The tools for reading HTTP traffic are freely available. Your browser’s developer tools show you every request and response in detail. curl on the command line lets you construct requests by hand. Tools like mitmproxy and Charles Proxy let you intercept traffic between any client and server. Learning to read HTTP traffic is one of the best investments a web developer can make, because when something goes wrong, the traffic tells you exactly what happened.

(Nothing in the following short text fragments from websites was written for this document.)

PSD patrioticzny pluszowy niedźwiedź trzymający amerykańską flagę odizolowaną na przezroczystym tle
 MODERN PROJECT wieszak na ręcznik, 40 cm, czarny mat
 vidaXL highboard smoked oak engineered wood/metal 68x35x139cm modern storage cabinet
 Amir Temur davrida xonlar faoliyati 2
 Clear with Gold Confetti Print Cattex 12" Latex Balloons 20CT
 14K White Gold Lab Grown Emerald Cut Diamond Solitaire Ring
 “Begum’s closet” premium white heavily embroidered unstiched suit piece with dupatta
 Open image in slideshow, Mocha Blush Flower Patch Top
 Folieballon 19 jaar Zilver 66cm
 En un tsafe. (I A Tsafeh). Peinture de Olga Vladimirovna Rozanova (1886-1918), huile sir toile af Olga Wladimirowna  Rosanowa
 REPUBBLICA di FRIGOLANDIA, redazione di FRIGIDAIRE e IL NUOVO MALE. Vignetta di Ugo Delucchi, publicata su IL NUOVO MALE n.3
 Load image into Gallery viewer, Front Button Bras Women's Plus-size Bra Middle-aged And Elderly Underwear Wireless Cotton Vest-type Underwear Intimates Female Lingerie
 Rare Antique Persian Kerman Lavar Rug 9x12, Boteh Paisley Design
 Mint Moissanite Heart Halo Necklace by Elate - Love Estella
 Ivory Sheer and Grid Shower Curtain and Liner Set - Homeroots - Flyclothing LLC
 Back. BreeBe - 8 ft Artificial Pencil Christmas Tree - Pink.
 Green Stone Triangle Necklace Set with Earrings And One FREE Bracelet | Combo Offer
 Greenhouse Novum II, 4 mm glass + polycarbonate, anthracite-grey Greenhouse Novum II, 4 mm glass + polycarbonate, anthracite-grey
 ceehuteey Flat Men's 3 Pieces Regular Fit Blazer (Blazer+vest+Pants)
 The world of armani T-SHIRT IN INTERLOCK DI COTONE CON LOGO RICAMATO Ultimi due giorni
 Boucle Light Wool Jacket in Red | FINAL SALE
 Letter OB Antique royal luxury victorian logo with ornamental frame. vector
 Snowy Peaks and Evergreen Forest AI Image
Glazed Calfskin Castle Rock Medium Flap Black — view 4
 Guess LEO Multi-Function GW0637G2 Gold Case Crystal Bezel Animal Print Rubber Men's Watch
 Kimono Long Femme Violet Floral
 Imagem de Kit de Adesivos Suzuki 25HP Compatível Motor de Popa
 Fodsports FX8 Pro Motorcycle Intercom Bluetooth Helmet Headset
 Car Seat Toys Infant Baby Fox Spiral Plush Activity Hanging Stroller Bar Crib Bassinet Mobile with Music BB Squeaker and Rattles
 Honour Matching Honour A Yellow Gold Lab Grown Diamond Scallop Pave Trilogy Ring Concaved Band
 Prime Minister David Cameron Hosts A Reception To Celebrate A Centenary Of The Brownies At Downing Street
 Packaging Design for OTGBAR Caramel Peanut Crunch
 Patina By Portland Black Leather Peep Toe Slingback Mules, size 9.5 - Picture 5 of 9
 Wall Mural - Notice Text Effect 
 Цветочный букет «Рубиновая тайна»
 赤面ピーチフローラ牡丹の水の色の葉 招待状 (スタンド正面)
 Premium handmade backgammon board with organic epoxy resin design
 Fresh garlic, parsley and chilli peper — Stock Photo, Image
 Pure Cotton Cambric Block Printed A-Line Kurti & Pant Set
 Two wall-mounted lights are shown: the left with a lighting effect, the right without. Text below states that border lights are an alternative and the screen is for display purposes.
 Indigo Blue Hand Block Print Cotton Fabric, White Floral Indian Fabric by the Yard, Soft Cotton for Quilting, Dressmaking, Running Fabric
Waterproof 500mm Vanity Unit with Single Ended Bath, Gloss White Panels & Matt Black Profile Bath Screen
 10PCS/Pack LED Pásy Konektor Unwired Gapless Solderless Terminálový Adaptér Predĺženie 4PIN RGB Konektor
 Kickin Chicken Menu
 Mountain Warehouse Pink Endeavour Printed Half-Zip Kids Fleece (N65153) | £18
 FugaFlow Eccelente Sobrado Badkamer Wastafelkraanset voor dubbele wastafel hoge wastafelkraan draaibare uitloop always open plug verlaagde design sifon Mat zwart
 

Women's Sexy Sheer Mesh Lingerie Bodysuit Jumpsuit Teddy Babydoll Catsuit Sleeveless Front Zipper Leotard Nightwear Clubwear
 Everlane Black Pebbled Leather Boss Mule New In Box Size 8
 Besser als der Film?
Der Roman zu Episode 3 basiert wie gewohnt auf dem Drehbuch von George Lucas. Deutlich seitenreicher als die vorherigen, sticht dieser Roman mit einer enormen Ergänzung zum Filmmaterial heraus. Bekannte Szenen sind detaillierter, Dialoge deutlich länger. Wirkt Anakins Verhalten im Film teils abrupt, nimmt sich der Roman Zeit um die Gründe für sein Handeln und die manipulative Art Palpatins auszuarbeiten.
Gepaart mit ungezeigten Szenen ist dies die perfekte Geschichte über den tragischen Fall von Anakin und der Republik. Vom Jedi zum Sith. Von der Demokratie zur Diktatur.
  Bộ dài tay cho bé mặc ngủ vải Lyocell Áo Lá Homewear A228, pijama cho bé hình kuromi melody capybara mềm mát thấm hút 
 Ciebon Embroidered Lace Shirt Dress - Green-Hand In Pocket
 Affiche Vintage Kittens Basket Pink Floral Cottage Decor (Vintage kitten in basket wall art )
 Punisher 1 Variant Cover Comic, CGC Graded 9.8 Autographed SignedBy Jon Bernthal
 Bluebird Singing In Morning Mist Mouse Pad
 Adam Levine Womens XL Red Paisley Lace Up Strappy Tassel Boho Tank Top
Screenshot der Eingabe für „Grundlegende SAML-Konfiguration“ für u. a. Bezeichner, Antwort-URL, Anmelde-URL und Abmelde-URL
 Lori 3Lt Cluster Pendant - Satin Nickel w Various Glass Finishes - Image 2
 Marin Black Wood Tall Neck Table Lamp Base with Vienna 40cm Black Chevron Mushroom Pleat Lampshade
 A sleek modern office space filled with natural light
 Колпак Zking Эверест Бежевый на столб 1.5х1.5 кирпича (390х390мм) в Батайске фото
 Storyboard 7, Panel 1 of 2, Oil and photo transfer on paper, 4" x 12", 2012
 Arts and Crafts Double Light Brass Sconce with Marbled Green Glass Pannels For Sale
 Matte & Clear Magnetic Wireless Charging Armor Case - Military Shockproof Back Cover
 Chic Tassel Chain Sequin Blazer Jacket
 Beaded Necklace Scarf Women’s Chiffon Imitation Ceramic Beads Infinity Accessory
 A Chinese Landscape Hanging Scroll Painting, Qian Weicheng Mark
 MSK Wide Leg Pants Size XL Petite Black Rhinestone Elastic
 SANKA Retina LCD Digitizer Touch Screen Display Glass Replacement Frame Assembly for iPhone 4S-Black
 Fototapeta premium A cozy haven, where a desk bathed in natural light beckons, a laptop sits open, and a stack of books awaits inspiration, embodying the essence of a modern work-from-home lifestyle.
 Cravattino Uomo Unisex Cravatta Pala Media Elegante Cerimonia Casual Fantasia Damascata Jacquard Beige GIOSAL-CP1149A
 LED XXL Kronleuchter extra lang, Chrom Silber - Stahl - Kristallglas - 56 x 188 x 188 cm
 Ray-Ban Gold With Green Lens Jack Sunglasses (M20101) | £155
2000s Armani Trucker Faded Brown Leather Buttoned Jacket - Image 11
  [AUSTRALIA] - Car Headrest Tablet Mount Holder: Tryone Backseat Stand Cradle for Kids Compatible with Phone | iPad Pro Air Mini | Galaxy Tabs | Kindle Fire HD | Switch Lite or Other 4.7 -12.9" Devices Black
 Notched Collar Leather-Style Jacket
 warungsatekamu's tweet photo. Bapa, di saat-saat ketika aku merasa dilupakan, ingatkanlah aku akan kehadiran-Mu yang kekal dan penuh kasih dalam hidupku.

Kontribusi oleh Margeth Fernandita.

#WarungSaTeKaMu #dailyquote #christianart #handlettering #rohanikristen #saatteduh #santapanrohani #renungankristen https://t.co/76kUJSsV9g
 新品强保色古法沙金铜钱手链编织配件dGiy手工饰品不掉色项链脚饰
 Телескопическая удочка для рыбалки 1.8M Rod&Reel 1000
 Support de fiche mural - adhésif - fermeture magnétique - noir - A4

HTTP is old now. It’s survived four major revisions and countless extensions. But the core model, a text-based request with headers and a body, met by a status-coded response with headers and a body, has barely changed since 1996. That’s not a sign of staleness; it’s a sign that Berners-Lee and his collaborators got something fundamental right.
The web still runs on what they designed. Thirty years in, it shows no sign of stopping.